Dieses Bemühen, jeweils auf der Höhe der aktuellen Diskussion zu bleiben und eine darin aufbewahrte intellektuelle Redlichkeit gehören zu Schmidts Kennzeichen. Dabei ist er, im Gegensatz zu manchen seiner Kollegen, gar nicht zänkisch, er wägt neue Forschungsergebnisse, baut sie in seine Argumentation ein und hütet sich, etwa bei Zuschreibungen, vor jedem apodiktischen Urteil.

Man muss nur einmal den großen Aufsatz „Zur Kaufmannschen Kreuzigung“ studieren, in dem er versucht, dieses besonders schöne Bild (es hängt heute in der Gemäldegalerie der Staatlichen Museen zu Berlin), dessen Schöpfer – wie bei den meisten mittelalterlichen Meistern – keinen Namen hat, zu situieren: örtlich, stilistisch, historisch. Er untersucht die Kontroverse, ob es sich bei dem Bild um ein Werk österreichischen oder böhmischen Ursprungs handelt, wägt die Optionen der Kollegen, trägt – von einer Fülle von Vergleichsmaterial beraten, über das er souverän verfügt - eine eigene Sicht vor, ohne diese jedoch als verbindlich zu erklären. Am Ende ist die Causa zwar keineswegs entschieden, aber Schmidts Vorschläge sind derart überzeugend, dass man daran „weiter arbeiten“ kann.

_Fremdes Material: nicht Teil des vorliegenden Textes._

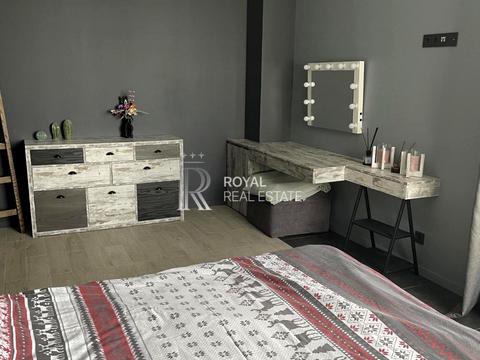 будинок за адресою Лютнева вул.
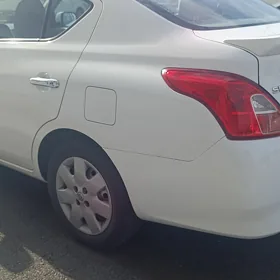 Nissan Sunny 2022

Mittelalterliche Meister auf Wanderschaft

Vor allem aber befasst sich dieser Autor mit illuminierten Handschriften. „In öffentlichen oder privaten, oft klösterlichen Bibliotheken verwahrt, erweckten die illuminierten Handschriften der Romanik und Gotik die Neugier der Forscher erst sehr viel später als die vor aller Augen stehenden und leicht zugänglichen Bauwerke, Skulpturen und Monumentalmalereien der gleichen Epochen.“ Er verabschiedet sich von der älteren Vorstellung, dass diese Handschriften (fast) ausschließlich in klösterlichen Scriptorien von Mönchen geschrieben und gemalt worden seien, besteht auf dem großen Anteil den „Laienmaler“ daran.

Meister, die häufig von einem Ort zum anderen „wanderten“, schlossen sich gelegentlich, wenn es um einen besonders wichtigen (und umfangreichen) Auftrag ging, zu Arbeitsgemeinschaften zusammen und wurden so zu wichtigen Vermittlern zwischen verschiedenen lokalen Kunsttraditionen, sie trugen neue Erfindungen weiter: von Italien nach Österreich oder Böhmen, von dort ins westliche Europa (oder umgekehrt.) „Das änderte aber nichts an ihrem sozialen Status: Anders als manche ihrer französischen Kollegen, avancierten sie keineswegs zu Hofbeamten, sondern blieben selbstständige Unternehmer.“

Und waren eben darum häufig die Agenten künstlerischer Veränderungen, die dann in die Tafel- und Freskenmalerei eingingen, wobei Miniaturisten und Tafelmaler nicht selten identisch waren. Schmidt spürt solchen Beziehungen so genau nach, dass die Lektüre seiner Arbeiten auch für interessierten Laien spannend wird. Die können bei Schmidt auch lernen, wie genau man hinsehen muss, wenn man etwas begreifen will und wie viel Vorwissen nötig ist, um haltbare, mindestens plausible Aussagen zu machen.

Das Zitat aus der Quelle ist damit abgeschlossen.